Revealed: row brewing over demand for lay majority on SRA board

Hayter: LSB should be strong over lay majority requirement

A row is brewing between the Law Society and the Legal Services Consumer Panel over the make-up of the Solicitors Regulation Authority (SRA) board, Legal Futures can reveal.

In its recently published regulatory independence certificate – which certifies compliance with the Legal Services Board’s (LSB) internal governance rules or indicates how it will become compliant – the Law Society says it has no intention of taking active steps to remove the solicitor majority on the SRA board until the current members’ terms end in 2013.

However, earlier this month, panel chairwoman Dr Dianne Hayter highlighted the importance of the requirement in the rules for regulatory boards to have a lay majority, and for their chairmanship not to be restricted by virtue of any legal qualification (so far the SRA chairman has had to be a solicitor). In a letter to LSB chairman David Edmonds (see story), Dr Hayter described this as “an area where change in the current composition of these structures will be necessary in order to achieve compliance”.

She continued: “The panel would find it unacceptable if the frontline regulators were simply to wait for the terms of their current board members to expire… In the case of the Law Society, this would mean that the Solicitors Regulation Authority would not have a majority of lay members until 2013 – six years after the passage of the Legal Services Act.” Dr Hayter urged the LSB to “show strength” and not allow “any watering down of the lay majority requirement”.

Published by the LSB last week, the certificate – signed jointly by the Law Society and SRA – was submitted on 17 June, six weeks after the deadline, a delay which prompted Dr Hayter’s letter. In it, the society says: “Unless some existing solicitor members were to step down, the board could not become compliant without enlargement beyond its current size of 16 members through the recruitment of additional lay members (whether all at once or on a phased basis). It could not become compliant in relation to the role of chair without a new selection process open to lay applicants.
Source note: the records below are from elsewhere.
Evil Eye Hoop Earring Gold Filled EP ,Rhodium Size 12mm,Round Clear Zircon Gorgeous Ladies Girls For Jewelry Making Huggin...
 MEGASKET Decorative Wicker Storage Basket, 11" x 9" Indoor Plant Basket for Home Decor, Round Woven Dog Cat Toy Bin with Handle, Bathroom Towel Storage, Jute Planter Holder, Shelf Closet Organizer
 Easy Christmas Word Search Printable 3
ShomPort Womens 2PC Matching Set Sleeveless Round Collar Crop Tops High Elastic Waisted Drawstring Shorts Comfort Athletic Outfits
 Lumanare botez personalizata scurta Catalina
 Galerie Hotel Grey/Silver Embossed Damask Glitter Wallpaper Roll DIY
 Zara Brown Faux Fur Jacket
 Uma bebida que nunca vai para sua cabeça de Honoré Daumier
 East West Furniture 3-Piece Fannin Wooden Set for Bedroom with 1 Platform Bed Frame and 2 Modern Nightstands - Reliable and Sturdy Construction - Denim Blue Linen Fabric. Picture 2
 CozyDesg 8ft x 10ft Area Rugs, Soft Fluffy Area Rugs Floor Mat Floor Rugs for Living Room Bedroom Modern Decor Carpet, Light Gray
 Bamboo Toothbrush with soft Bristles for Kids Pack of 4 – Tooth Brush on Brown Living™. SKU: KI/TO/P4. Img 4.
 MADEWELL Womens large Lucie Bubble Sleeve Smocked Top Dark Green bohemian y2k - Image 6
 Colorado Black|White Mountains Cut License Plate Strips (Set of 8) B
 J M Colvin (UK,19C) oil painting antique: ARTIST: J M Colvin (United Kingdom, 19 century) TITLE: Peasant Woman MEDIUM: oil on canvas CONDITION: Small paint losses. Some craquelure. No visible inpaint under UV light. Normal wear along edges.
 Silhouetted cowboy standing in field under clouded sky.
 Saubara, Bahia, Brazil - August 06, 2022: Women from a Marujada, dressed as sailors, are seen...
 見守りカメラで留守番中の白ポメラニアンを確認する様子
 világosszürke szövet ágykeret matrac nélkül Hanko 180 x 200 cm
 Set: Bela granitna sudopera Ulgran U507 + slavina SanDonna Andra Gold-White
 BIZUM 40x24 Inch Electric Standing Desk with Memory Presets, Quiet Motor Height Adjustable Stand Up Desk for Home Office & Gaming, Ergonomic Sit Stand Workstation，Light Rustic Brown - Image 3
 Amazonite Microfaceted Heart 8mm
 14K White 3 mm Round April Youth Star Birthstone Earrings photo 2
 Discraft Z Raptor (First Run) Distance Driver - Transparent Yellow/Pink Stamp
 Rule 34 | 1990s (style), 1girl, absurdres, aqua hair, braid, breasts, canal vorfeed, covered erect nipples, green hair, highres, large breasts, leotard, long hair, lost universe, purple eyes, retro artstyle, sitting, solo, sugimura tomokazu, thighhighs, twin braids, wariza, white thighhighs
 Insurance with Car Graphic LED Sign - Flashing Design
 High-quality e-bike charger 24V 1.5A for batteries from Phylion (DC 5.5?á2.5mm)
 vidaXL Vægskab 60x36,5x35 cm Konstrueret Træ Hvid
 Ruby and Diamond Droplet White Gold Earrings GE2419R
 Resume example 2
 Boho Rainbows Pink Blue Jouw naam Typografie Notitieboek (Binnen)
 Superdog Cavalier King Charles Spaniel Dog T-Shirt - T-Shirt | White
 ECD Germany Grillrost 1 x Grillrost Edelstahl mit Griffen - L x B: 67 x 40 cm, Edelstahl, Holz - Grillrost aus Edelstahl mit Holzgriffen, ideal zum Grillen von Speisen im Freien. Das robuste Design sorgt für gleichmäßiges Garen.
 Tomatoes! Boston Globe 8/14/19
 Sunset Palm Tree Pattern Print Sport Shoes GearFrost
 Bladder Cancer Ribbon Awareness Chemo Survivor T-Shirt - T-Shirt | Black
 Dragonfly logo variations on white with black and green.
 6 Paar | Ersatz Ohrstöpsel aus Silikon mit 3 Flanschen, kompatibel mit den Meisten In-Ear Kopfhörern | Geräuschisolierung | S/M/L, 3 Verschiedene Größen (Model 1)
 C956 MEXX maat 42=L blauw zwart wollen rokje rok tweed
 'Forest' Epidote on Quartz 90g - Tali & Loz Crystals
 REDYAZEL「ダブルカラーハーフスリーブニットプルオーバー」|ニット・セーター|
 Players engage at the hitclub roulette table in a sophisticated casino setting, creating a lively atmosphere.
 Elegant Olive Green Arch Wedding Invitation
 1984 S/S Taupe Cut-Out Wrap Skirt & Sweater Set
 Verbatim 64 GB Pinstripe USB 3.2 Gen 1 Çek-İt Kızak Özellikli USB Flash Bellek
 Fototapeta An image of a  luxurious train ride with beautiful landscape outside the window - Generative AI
“In the Law Society and SRA’s view, such solutions are disproportionate and would be likely to prove highly disruptive to the SRA’s ongoing work and its substantial programme of regulatory reform. The Law Society and the SRA propose to proceed to compliance on a phased basis over the coming three years, and so by that means reaching the goal of a lay majority board with minimal disruptions to the work of the board or the SRA as a whole.”

The consumer panel will examine the certificates submitted by the Law Society and the other regulators, and the LSB will issue its verdict on them by the end of July.

Last week Legal Futures also received the Law Society’s comment on Dr Hayter’s letter. It said: “The joint certificate has been submitted. If the LSB Consumer Panel seeks to identify the Law Society rather than using a descriptive for the SRA and TLS, they would be better advised to understand all the facts before rushing to judgement.”

The two intellectual property bodies – the Chartered Institute of Patent Attorneys and the Institute of Trade Mark Attorneys – share a regulator and are the only ones yet to submit their certificates, which was also criticised by Dr Hayter. In a joint statement, they said: “The letter is not addressed to ITMA/CIPA. Doubtless the LSB will reply as it thinks appropriate. We have been in regular dialogue with the LSB regarding the certificate and therefore do not propose  to make any comment at this stage.”